### Exercise requirements
From the records below, print only the part that opens with the line containing "C-Note DIY: Essas" and closes with the line containing "Панели оператора Delta"; omit the pictures.

____ Excerpted records

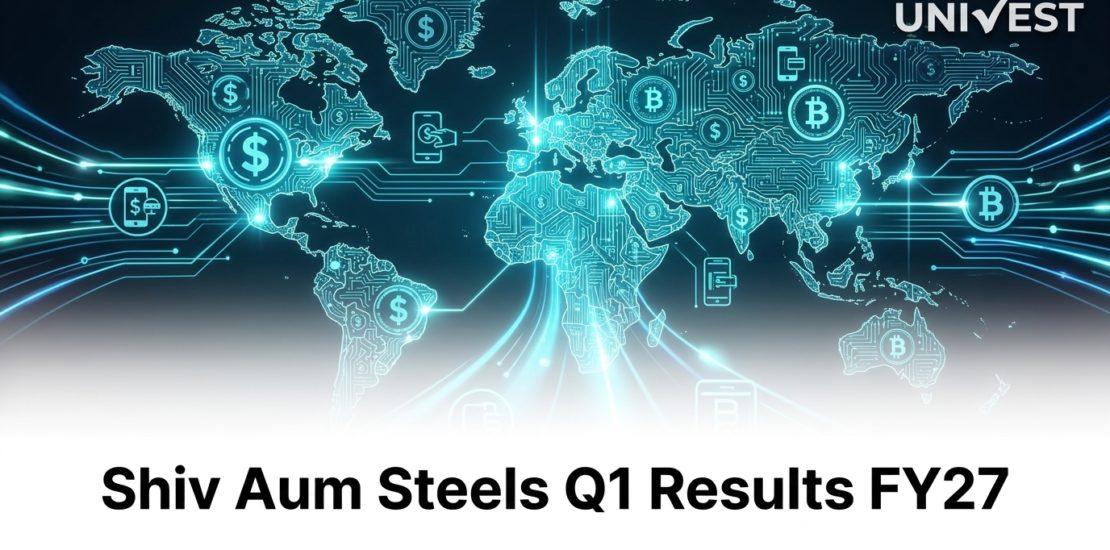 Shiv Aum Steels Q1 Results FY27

________
____ Excerpted records

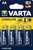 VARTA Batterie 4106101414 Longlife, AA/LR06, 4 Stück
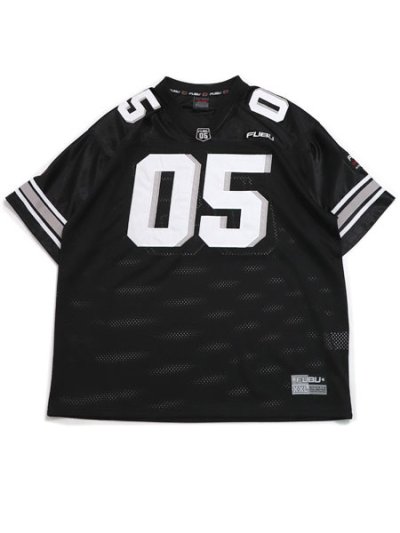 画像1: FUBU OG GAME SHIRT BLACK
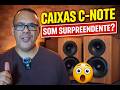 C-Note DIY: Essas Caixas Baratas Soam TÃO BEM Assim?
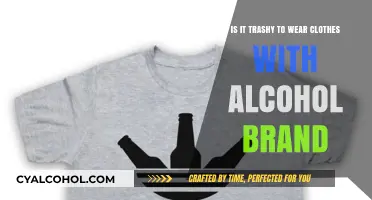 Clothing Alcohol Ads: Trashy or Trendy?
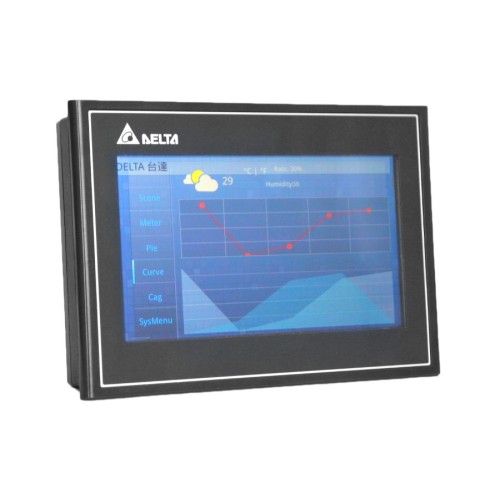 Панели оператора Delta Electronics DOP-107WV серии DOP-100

________
____ Excerpted records

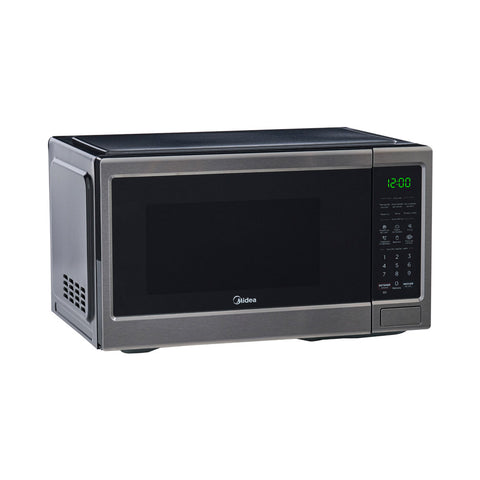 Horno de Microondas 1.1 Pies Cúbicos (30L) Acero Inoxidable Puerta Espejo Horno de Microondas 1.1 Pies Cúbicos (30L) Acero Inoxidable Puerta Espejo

________

### Task solution
 C-Note DIY: Essas Caixas Baratas Soam TÃO BEM Assim?
 Clothing Alcohol Ads: Trashy or Trendy?
 Панели оператора Delta Electronics DOP-107WV серии DOP-100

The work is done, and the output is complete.